Para ele, um ponto fundamental desse processo é entender a dinâmica imobiliária da cidade.
— Não dá mais para ignorar que a moradia se tornou um ponto de lucratividade dentro das favelas. Sendo para moradia familiar, venda ou aluguel, é fato que esse processo se alimenta da impossibilidade de as pessoas acessaram a habitação de outras formas. É um problema em relação ao preço do mercado imobiliário do Rio — concluiu.
Demolição na Rocinha
Em maio, a Secretaria Municipal de Ordem Pública (Seop) e a Polícia Militar fizeram a demolição de dois prédios irregulares, que já estavam com a estrutura de pé, na Rocinha, onde vivem mais de 70 mil pessoas, segundo o Censo de 2022.
Uma das construções tinha cinco pavimentos e dois apartamentos por andar e a outra, dois pavimentos, sendo quatro apartamentos por andar. Elas estavam sendo erguidas sem qualquer licença em área de encosta imprópria para ocupação, de acordo com o decreto que regulamenta a região. Juntas, as construções tinham aproximadamente 2.100 metros quadrados.
Em nota, a prefeitura do Rio informou que fez mais de 4.200 demolições de construções irregulares desde 2021, sendo 70% delas em áreas sob influência do crime organizado, causando prejuízo de mais de R$ 1 bilhão aos responsáveis.
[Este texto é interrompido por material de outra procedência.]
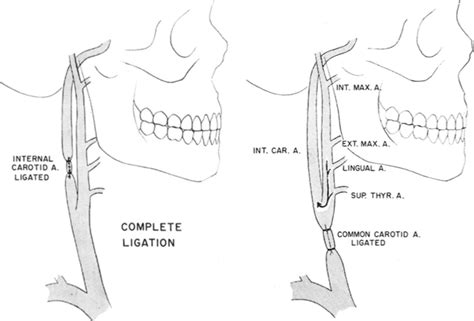 Ligature Around Head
Apenas na Rocinha, a Secretaria de Ordem Pública tem três demolições de construções irregulares paralisadas por decisões judiciais.
Em 2016, a Grade Estatística e o Atlas Digital do Brasil 1 por 1, divulgado pelo IBGE, mostrou que Paraisópolis, em São Paulo, tinha a maior densidade populacional do Brasil, com mais de 45 mil pessoas por quilômetro quadrado. A Rocinha ficava em segundo lugar com 39 mil moradores por quilômetro quadrado.
No topo do ranking de densidade demográfica do país, o segundo lugar é do Jacarezinho e o terceiro da Maré.